Cloud processor ready on sim:ascella

Optional Cloud Experiment

Start with a smaller subset before launching the remote QPU sweep. The cloud cells below use n_train and n_test samples per class rather than one global subset size, and keep n_components=12 for QPU runs.

[12]:

if cloud_processor is None:
    raise RuntimeError("Build the cloud processor first by adding your token and running the previous cell.")

CLOUD_DATASET = "MNIST"
CLOUD_EXPERIMENT = {"n_photons": 3, "n_components": 12}
CLOUD_TRAIN_SAMPLES_PER_CLASS = 5
CLOUD_TEST_SAMPLES_PER_CLASS = 5

cloud_result, cloud_artifact = run_experiment(
    dataset_name=CLOUD_DATASET,
    n_components=CLOUD_EXPERIMENT["n_components"],
    n_photons=CLOUD_EXPERIMENT["n_photons"],
    processor=cloud_processor,
    train_samples_per_class=CLOUD_TRAIN_SAMPLES_PER_CLASS,
    test_samples_per_class=CLOUD_TEST_SAMPLES_PER_CLASS,
)

pd.DataFrame([cloud_result])

Orignal MNIST: train=(60000, 28, 28), test=(10000, 28, 28), classes=10

[12]:

	run_name	dataset	n_photons	n_components	n_modes	train_samples	test_samples	train_samples_per_class	test_samples_per_class	quantum_output_size	effective_quantum_output_size	readout_in_features	train_accuracy	test_accuracy	runtime_seconds
0	MNIST \| photons=3 \| pca=12	MNIST	3	12	12	50	50	5	5	220	220	1004	1.0	0.36	45.297649

[ ]:

# Optional: run the QPU sweep remotely with PCA(12) only.
# Increase the sample counts only after you are comfortable with the runtime and cloud cost.

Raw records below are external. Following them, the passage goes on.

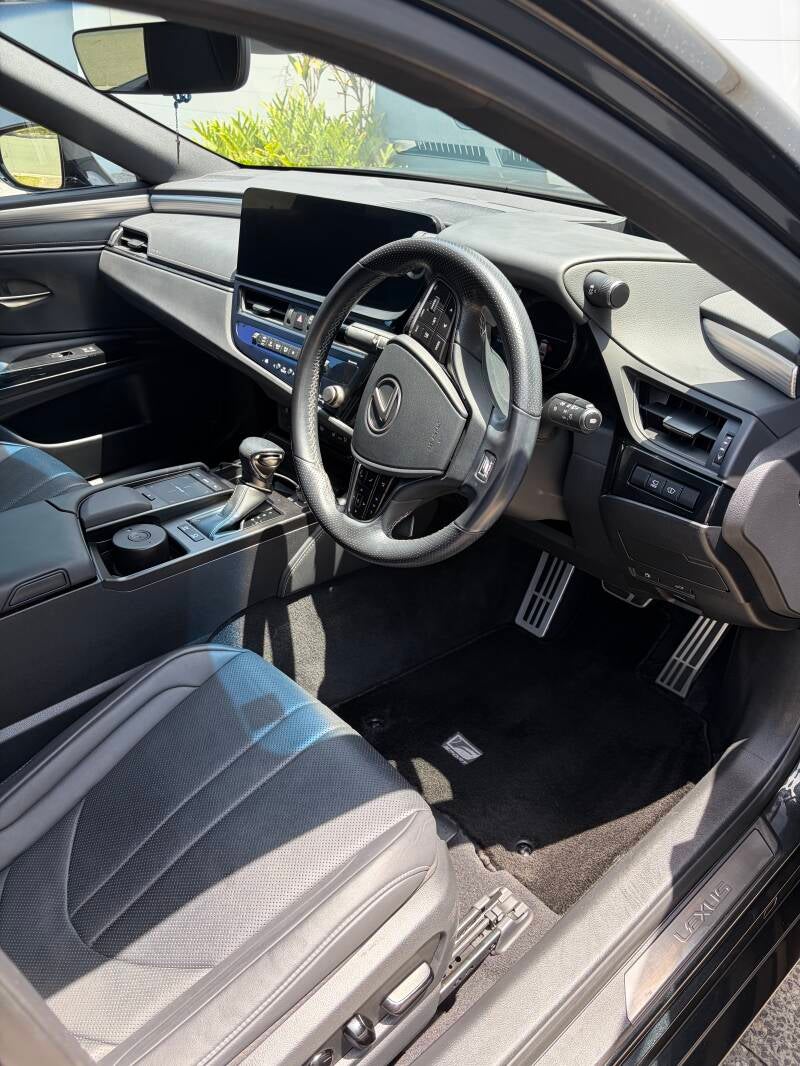 Brisbane Mobile Detailing - Clean interior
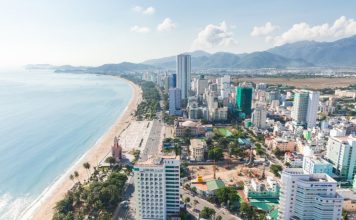 New Nha Trang, Vietnam Live City Camera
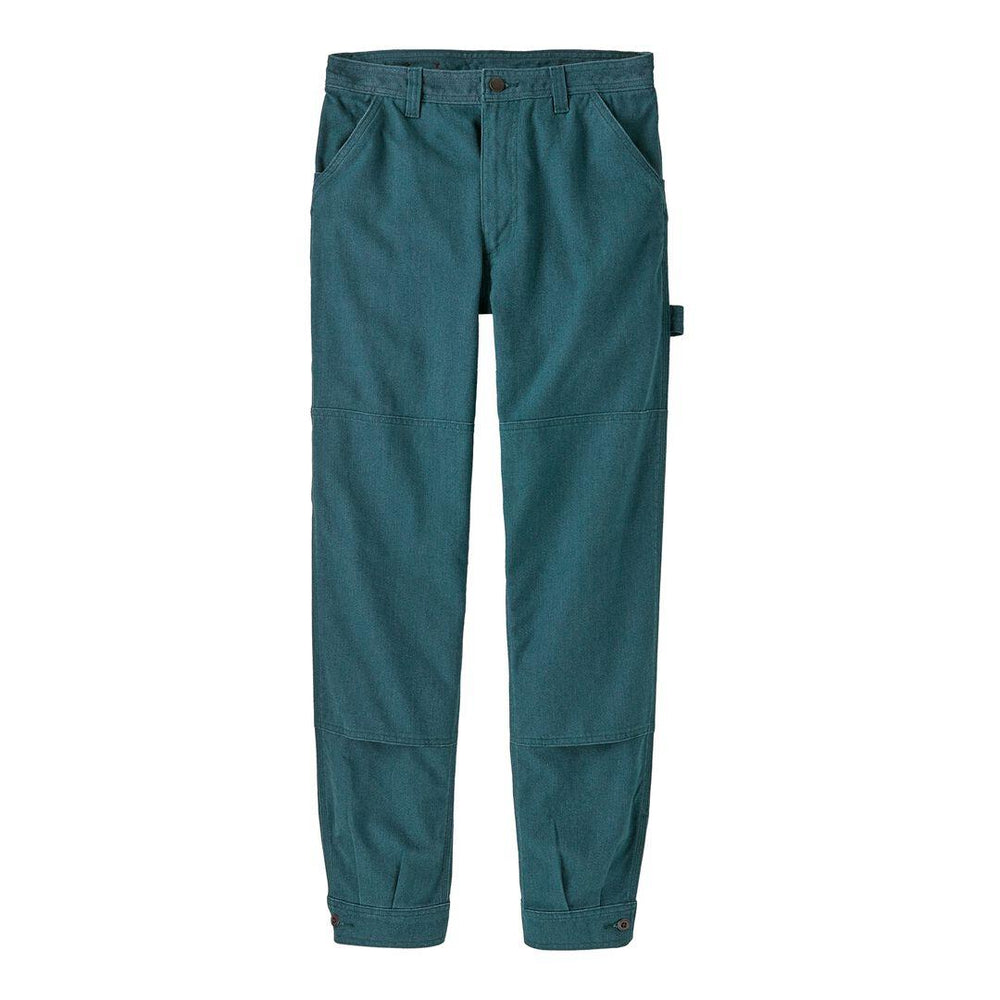 All Seasons Canvas Double Knee Work Pants - Regular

if cloud_processor is None:
    raise RuntimeError("Build the cloud processor first by adding your token and running the previous cell.")

QPU_EXPERIMENTS = [
    {"n_photons": 3, "n_components": 12},
]

CLOUD_SWEEP_TRAIN_SAMPLES_PER_CLASS = 64
CLOUD_SWEEP_TEST_SAMPLES_PER_CLASS = 32

cloud_results = []
for dataset_name in DATASET_LOADERS:
    for config in QPU_EXPERIMENTS:
        print(
            f"Running cloud experiment: {dataset_name} | "
            f"photons={config['n_photons']} | pca={config['n_components']}"
        )
        result, _ = run_experiment(
            dataset_name=dataset_name,
            n_components=config["n_components"],
            n_photons=config["n_photons"],
            processor=cloud_processor,
            train_samples_per_class=CLOUD_SWEEP_TRAIN_SAMPLES_PER_CLASS,
            test_samples_per_class=CLOUD_SWEEP_TEST_SAMPLES_PER_CLASS,
        )
        cloud_results.append(result)

cloud_results_df = pd.DataFrame(cloud_results).sort_values(["dataset", "n_components"])
cloud_results_df

Notes

Increase TRAIN_SAMPLES, TEST_SAMPLES, or EPOCHS if you want a stronger benchmark.
The MNIST API demos use DEMO_* knobs so you can inspect grouping, layer.n_modes, and noise_model changes without rerunning the full benchmark.
For cloud execution, paste your token in CLOUD_TOKEN, build cloud_processor, and let run_experiment() attach it to model.layer.processor. Tune CLOUD_*_SAMPLES_PER_CLASS to control the remote subset size per class.
Set concatenate=False inside run_experiment() if you want to test a pure quantum-feature readout instead of concatenating raw pixels with the reservoir output.
model.layer.output_size shows how the photonic feature dimension grows with the number of PCA modes and photons.